Overview
- Manufacturer: Volkswagen
- Production: 2026 (to commence)
- Assembly: China: Ningbo and Shanghai (SAIC Volkswagen)

Body and chassis
- Class: Compact SUV
- Body style: 5-door crossover SUV
- Platform: Compact Main Platform (CMP)
- Related: Volkswagen ID. Era 5S;

Powertrain
- Power output: 155 kW (208 hp; 211 PS)
- Battery: LFP CATL

Dimensions
- Wheelbase: 2,815 mm (110.8 in)
- Length: 4,560 mm (179.5 in)
- Width: 1,896 mm (74.6 in)
- Height: 1,630 mm (64.2 in)
- Curb weight: 1,685 kg (3,715 lb)

= Volkswagen ID. Era 5X =

Chinese-market electric SUV

The Volkswagen ID. Era 5X (大众ID. ERA 5X (Dàzhòng ID. ERA 5X)) is a battery electric compact SUV produced by Volkswagen under its SAIC-VW joint venture in China. Marketed under Volkswagen's ID. Era sub-brand, it is the family's first fully electric model, following the range-extended EV ID. Era 9X and ID. Era 8X and the plug-in hybrid ID. Era 5S. It is also Volkswagen's first production model globally to combine the China-specific Compact Main Platform (CMP) with the China Electronic Architecture (CEA), the latter co-developed with XPeng.

== History ==
Details of the ID. Era 5X surfaced through a filing with China's Ministry of Industry and Information Technology (MIIT) on 7 August 2026, with Volkswagen and SAIC Volkswagen providing further official details the following day.

The model made its public debut on 21 August 2026 at the Chengdu Auto Show, where it appeared alongside the ID. Era 9X, 8X, and 5S. The ID. Era 5X is scheduled to complete its market launch in November 2026.

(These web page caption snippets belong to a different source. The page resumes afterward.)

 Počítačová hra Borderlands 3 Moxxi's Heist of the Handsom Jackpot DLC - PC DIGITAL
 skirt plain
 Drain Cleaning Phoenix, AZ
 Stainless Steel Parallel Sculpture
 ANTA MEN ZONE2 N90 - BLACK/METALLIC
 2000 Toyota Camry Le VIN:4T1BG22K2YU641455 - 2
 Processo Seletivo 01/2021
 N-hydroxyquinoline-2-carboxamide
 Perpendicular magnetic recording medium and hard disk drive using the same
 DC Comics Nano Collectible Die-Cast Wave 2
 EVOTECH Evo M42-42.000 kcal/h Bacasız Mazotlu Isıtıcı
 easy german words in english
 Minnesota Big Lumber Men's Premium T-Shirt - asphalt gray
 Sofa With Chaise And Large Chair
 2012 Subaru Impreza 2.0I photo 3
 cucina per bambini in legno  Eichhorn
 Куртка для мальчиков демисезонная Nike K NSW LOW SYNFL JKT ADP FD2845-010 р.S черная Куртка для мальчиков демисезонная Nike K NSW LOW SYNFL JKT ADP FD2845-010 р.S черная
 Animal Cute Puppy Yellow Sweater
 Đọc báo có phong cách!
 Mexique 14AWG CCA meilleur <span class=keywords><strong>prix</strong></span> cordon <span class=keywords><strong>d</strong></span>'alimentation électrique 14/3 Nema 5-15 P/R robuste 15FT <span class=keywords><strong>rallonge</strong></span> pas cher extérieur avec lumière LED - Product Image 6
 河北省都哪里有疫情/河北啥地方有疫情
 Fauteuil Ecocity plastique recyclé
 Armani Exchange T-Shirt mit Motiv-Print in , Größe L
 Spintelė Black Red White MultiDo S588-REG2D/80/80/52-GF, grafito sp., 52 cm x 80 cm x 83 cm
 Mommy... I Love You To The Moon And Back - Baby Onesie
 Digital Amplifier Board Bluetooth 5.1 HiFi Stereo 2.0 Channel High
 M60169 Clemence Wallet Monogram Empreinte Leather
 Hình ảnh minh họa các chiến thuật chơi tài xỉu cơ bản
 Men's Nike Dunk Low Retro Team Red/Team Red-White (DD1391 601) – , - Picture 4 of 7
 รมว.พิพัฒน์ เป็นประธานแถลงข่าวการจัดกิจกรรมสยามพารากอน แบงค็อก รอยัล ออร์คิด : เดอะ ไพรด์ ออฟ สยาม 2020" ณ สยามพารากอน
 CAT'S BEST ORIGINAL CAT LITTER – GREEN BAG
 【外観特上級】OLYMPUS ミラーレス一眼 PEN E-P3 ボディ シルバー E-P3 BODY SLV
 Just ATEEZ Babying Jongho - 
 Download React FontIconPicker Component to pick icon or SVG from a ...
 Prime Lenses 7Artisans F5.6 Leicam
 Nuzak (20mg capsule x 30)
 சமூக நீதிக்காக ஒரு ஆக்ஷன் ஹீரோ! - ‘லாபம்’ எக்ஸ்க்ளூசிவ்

== Development and equipment ==
The ID. Era 5X is built on the Compact Main Platform (CMP), a China-specific platform Volkswagen developed for lower-cost electric vehicles in the country, separate from the global MEB platform. The platform is paired with the China Electronic Architecture (CEA), a zonal electrical and electronic architecture co-developed by Volkswagen Group China Technology Company, CARIAD China, and XPeng. CEA had previously been used on other Volkswagen China models built on the MEB platform; the ID. Era 5X is Volkswagen's first production vehicle globally to combine CEA with the new CMP platform.

The ID. Era 5X follows the ID. Era family's design language, with a full-width daytime running light bar and an illuminated Volkswagen logo at the front, a "Lingmou" matrix LED headlights positioned lower on either side, as well as a through-going tail light bar consistent.

The ID. Era 5X is equipped with lidar and Volkswagen's "Xingyun Zhixing" (行云智行) assisted-driving system, jointly developed by SAIC Volkswagen and Chinese autonomous-driving company Momenta. Volkswagen describes the system as offering end-to-end, full-scenario urban Navigate on Autopilot (NOA) at Level 2++. The cabin uses Volkswagen's "Yunqi Zhicang" (云栖智舱) smart cockpit system, also used across other ID. Era models.

== Powertrain ==
The ID. Era 5X is rear wheel drive and uses a single electric motor, manufactured by United Automotive Electronic Systems (UAES). It produces 155 kW, giving a top speed of 175 km/h. It is equipped with a lithium iron phosphate (LFP) battery pack supplied by CATL.